| Speaking of one who has four "distros" in the shop (ubuntu, freebsd, openbsd, osx) each of these has its strength and making our stuff work on them is not a big deal. I don't get confused at all, and there isn't all that much "noise". Similarly, for the very high performance stuff, i use SBCL which generates native code on all the above platforms. I recently have started to do CCL because a client wants a true mac app and CCL has this wonderful cocoa bridge. If i had to do any java stuff or interface with java, I would probably be using clojure. If you are interested, I recommend continuing PCL and the lispbox. If everyone is not moving to fix the problems that you mention, it might mean that they disagree about what the important problems are. Arc exists as a research effort in thinking about what the next version of lisp should look like, and there are those that feel it is a possible answer to some of your questions. Scheme is a very essential (e.g. minimalist) implementation of Lisp that is often found in teaching environments. Don't let the variety scare you--just dive in if you are interested. |
I already went through 3 distros - Kurumin, Suse and Ubuntu, and the only reason I still have a Windows partition is to play some games that I couldn't (or didn't bother to) make work under Linux. I can tell you, the bar is very high to start. Ubuntu made it lower (and lower at each version) but it is still too high for mainstream.

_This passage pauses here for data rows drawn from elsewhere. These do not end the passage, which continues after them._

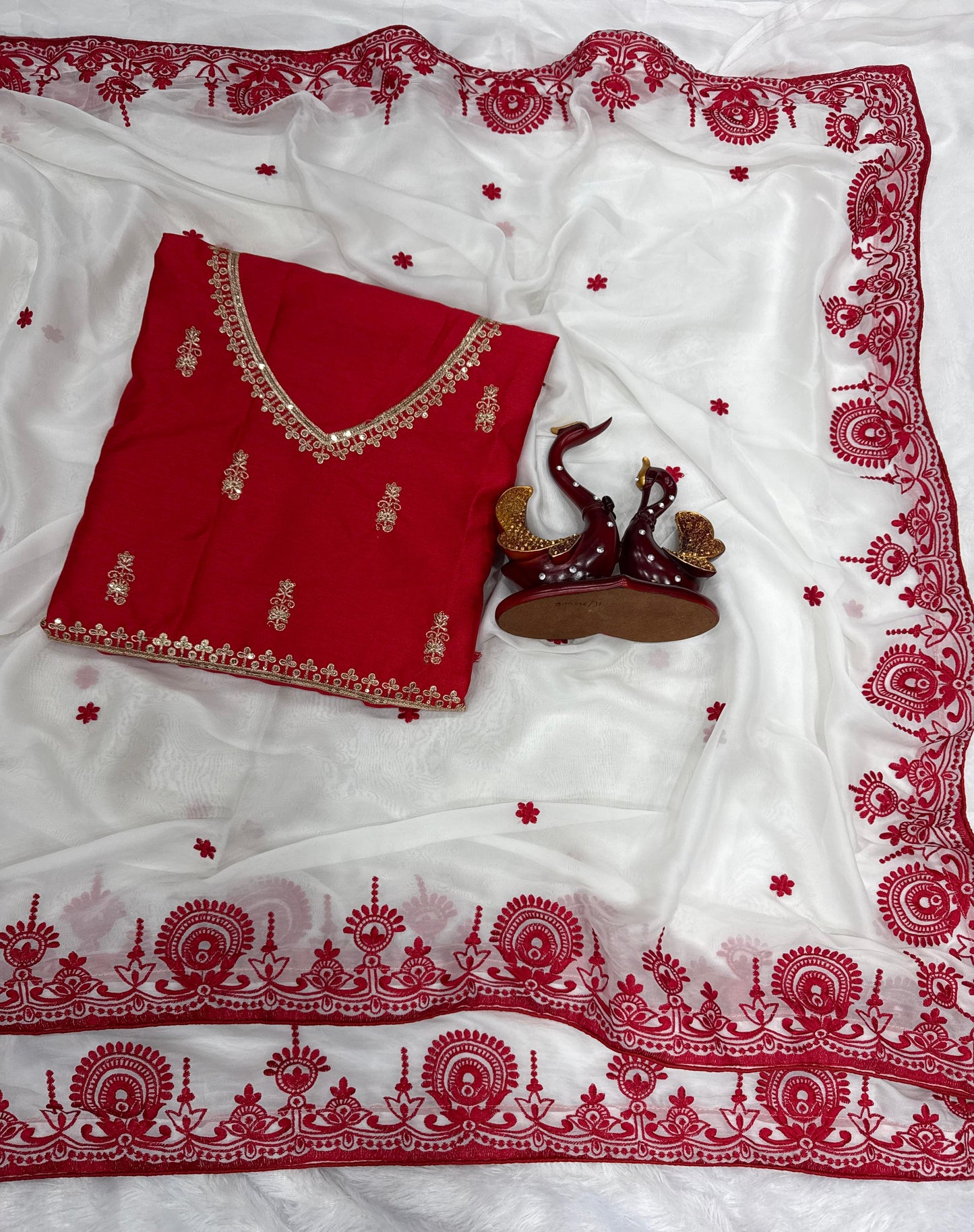 For this upcoming festival, present some special red&white saree collection by Nice Creation...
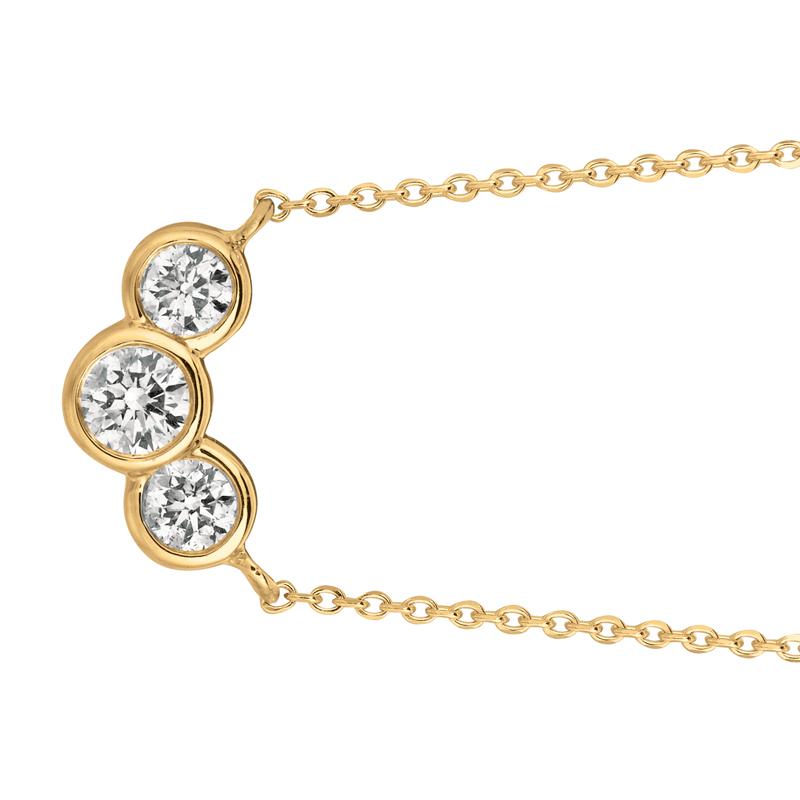 0.75 Carat Natural 3 Stone Diamond Bezel Necklace 14K Yellow Gold G SI
T

100% Natural Diamonds, Not Enhanced in any way Round Cut Diamond Necklace with 18'' chain
0.75CT
G-H
SI
14K Yellow Gold Bezel style 2.9 gram
5/16 inches in height, 9/16 inches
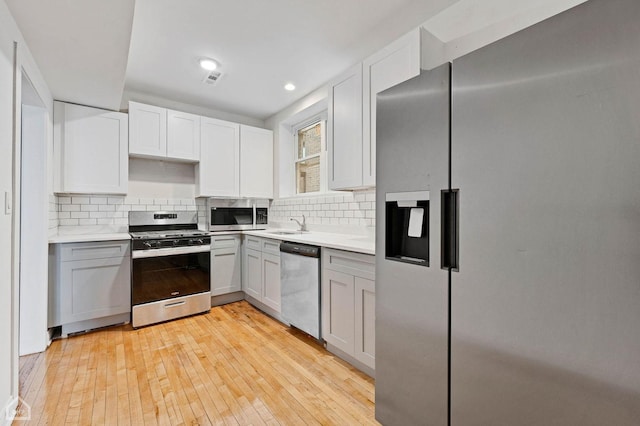 kitchen with backsplash, white cabinetry, light wood-type flooring, and stainless steel appliances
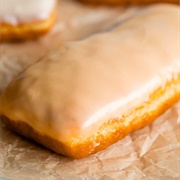Rose Iced and Cookie Dough-Filled Pumpkin Long John With Orange Drizzle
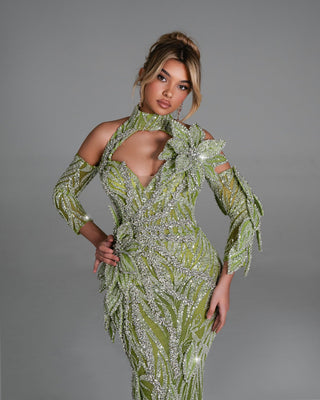 Model wearing the Addisonie Green Dress with crystal floral embellishments and leaf-inspired design details.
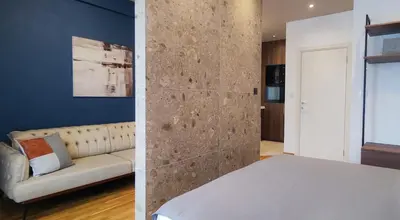 a bedroom with a bed and a couch in a room at Elegant Apartment with Urban Charm in Podgorica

And it need not be. The whole problem is always understanding the differences. If I pick that distro or that distro, what changes? What do I lose? What do I earn? Unable to find answers, one doesn't choose lest one chooses poorly.
Lisp implementations are the same.
Thank you for your answers. Allow me to add just two more. If one says Arc is not CL, but a whole new kind of Lisp that tries to solve some of those problems, what exactly are the differences? What does Arc advance as a Lisp standard?